The advice comes following the Fire Brigades Union (FBU) announcement that they intend to take further strike action as a result of the on-going national dispute with the government.
Strikes are announced for today, Friday 1 November 2013, between 18.30 and 23.00 hours and Monday 4 November, between 06.00 and 08.00 hours.
Northamptonshire Fire and Rescue Service has contingency plans in place to ensure any disruption is kept to a minimum. Planning has been underway for several months, both within the service and in partnership with neighbouring authorities, to ensure it can continue to respond to emergencies during this time.
How to stay safe
When organising a firework display or bonfire night party for family, friends or the general public, it’s vital to take the utmost care in firework storage, handling and use, as well as lighting and managing bonfires safely.
Baz Fox, Head of Community Prevention said: “Fireworks are fun, but they can also be dangerous. We want everyone to have a safe event, and by following some simple rules the risks can be greatly reduced.”
The Firework Code
- Only buy fireworks marked as conforming to BS 7114.
- Don’t drink alcohol when setting off fireworks.
- Keep fireworks in a closed metal box and take them out one at a time.
- Follow the manufacturer’s instructions on each firework. Read them by torchlight - NEVER a naked flame.
- Light fireworks at arm’s length using a safety firework lighter or fuse wick.
- NEVER go back to a firework once lit – it may go off in your face.

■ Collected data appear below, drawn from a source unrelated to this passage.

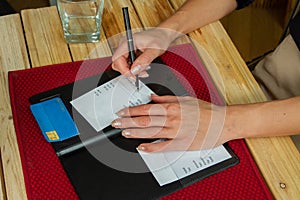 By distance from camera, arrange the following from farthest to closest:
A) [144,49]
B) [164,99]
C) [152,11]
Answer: [152,11], [144,49], [164,99]

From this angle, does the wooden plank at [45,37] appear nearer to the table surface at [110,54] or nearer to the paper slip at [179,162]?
the table surface at [110,54]

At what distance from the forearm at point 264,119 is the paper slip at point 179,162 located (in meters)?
0.06

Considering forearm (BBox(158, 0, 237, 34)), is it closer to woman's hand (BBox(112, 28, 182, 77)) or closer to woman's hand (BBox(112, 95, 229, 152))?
woman's hand (BBox(112, 28, 182, 77))

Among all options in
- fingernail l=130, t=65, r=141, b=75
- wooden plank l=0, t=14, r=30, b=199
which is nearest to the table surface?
wooden plank l=0, t=14, r=30, b=199

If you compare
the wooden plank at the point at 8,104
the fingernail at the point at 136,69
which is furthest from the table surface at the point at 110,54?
the fingernail at the point at 136,69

- Never put fireworks in your pocket or throw them.
- Keep a bucket of water handy.
- Used fireworks should be collected after the display with care. Douse them with water, then bury them or put them in a metal container.
- Wear a protective hat, gloves and have eye protection, such as goggles.
- Supervise children at all times.
- Keep pets indoors.
- Don’t let fireworks off after 11pm.
Sparklers are often viewed as a more harmless firework, but experts say that they can get six times as hot as a pan of cooking oil. They burn fiercely and are not suitable for children under the age of five.
If you buy sparklers, store them in a closed box in a cool, dry place. Sparklers are not suitable to take to public displays, as it’s often too crowded to use them safely.
To enjoy sparklers safely:
- Always wear gloves.
- Adults should light them for children.
- Hold them at arm’s length.
- Don’t wave them around.
- Don’t run about whilst holding a sparkler.
- Don’t hold a sparkler whilst carrying a child in your arms.
- When it has gone out, put it in a bucket of water.
If you must light a bonfire in connection with a fireworks display, then:
- Let your neighbours know about your bonfire beforehand, so they are aware.
- Site it well away from houses, garages, sheds, fences, overhead cables, trees and shrubs, and before lighting the fire check that no pets or children are hiding inside it.
- Build the stack so that it is stable and will not collapse outwards or to one side.
- Only burn dry material. Damp wood will produce more smoke.
- NEVER use flammable liquids - paraffin or petrol - to light the fire.
- Don’t burn foam-filled furniture, aerosols, and tins of paint.
- Don’t throw fireworks onto the bonfire.
Don’t leave the bonfire unattended.
- Keep everyone away from the fire - especially children, who must be supervised all the time.
- For an emergency keep buckets of water, the garden hose or a fire extinguisher ready.
- Pour water on the embers before leaving.